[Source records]
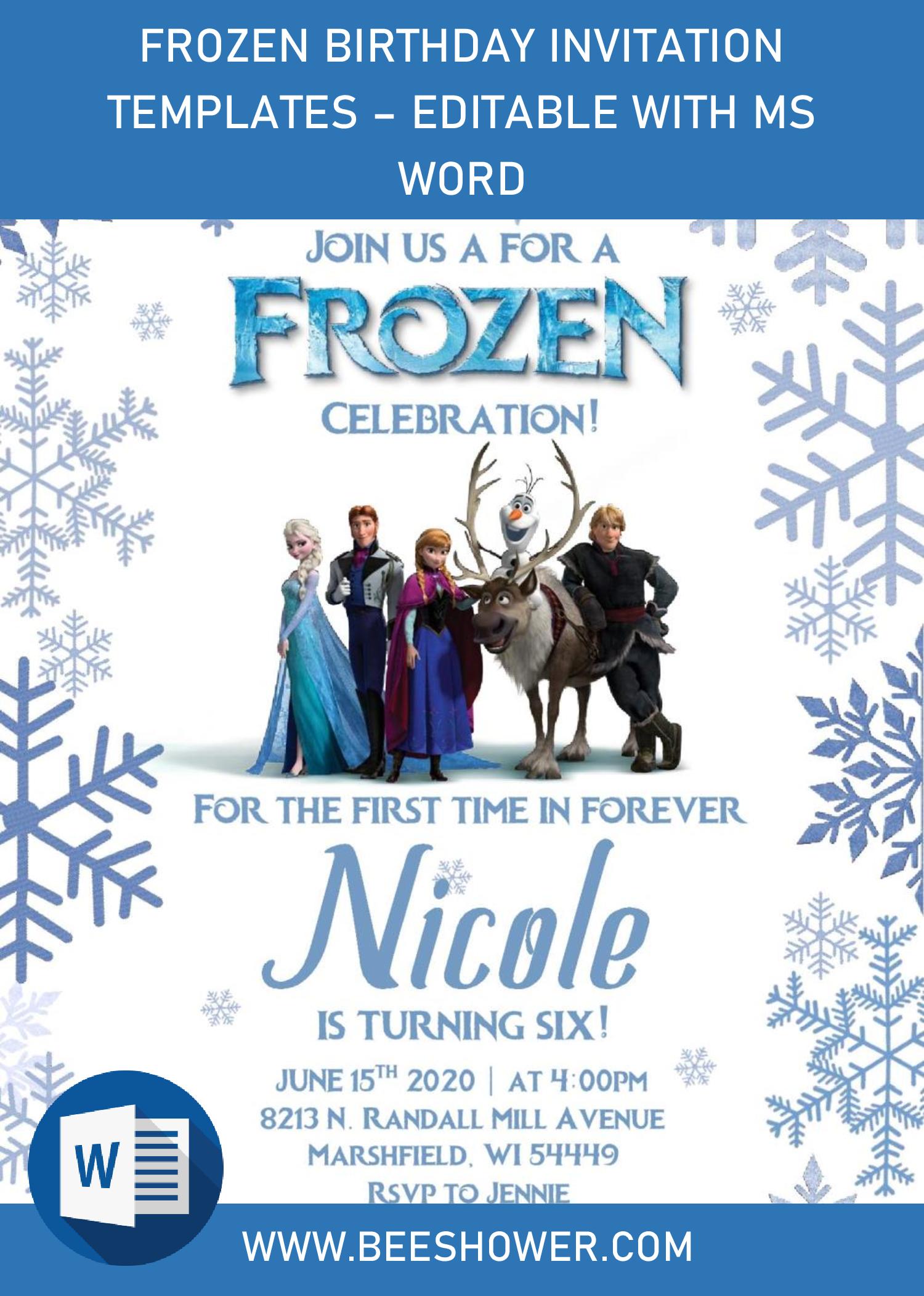 Frozen Invitation Templates Editable With Ms Word Free Printable Baby Shower Invitations Templates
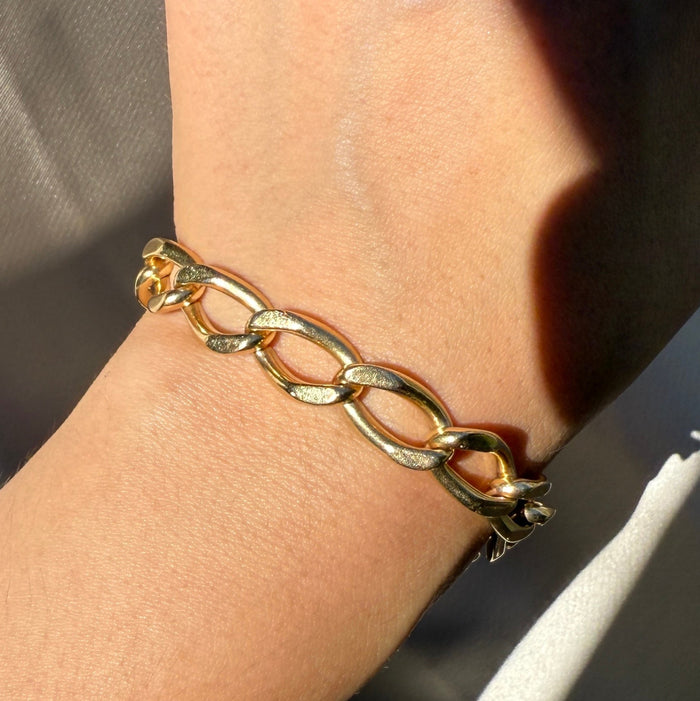 Vintage 14K Gold Oval Link Bracelet, 7.8" Long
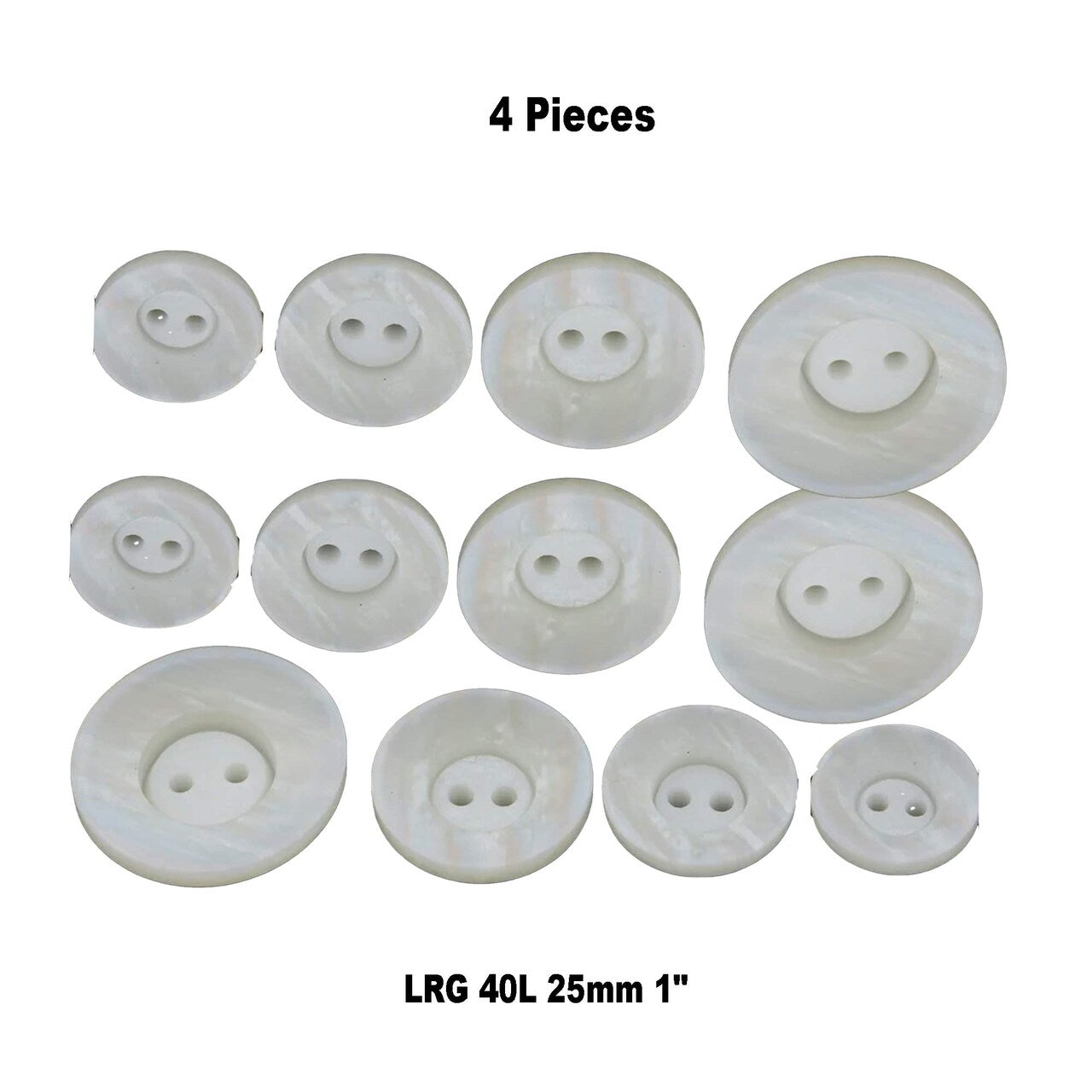34L (21mm / 7/8") Ivory Faux Shell Buttons Iridescent Bowl Shape 2-Hole Sewing Buttons for Crafts & Garments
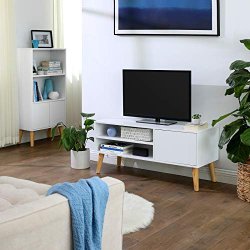 TV-bord, m. 1 lge og 1 hylde - hvid spnplade og natur tr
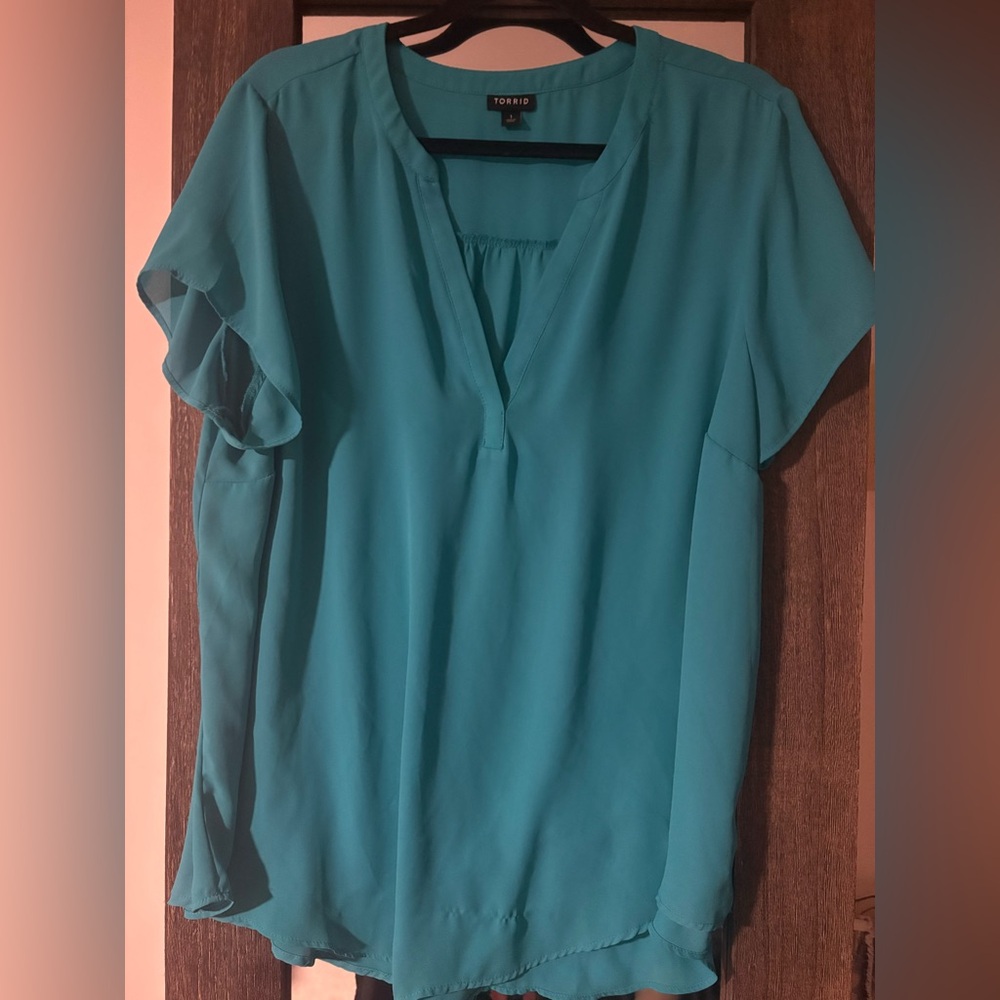 torrid Teal Flutter Sleeve Split-Neck Blouse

_GOAL OF THE EXERCISE_.
Make a verbatim copy of all the entries and strip out the pictures.

_WRITTEN SOLUTION_.
 Frozen Invitation Templates Editable With Ms Word Free Printable Baby Shower Invitations Templates
 Vintage 14K Gold Oval Link Bracelet, 7.8" Long
34L (21mm / 7/8") Ivory Faux Shell Buttons Iridescent Bowl Shape 2-Hole Sewing Buttons for Crafts & Garments
 TV-bord, m. 1 lge og 1 hylde - hvid spnplade og natur tr
 torrid Teal Flutter Sleeve Split-Neck Blouse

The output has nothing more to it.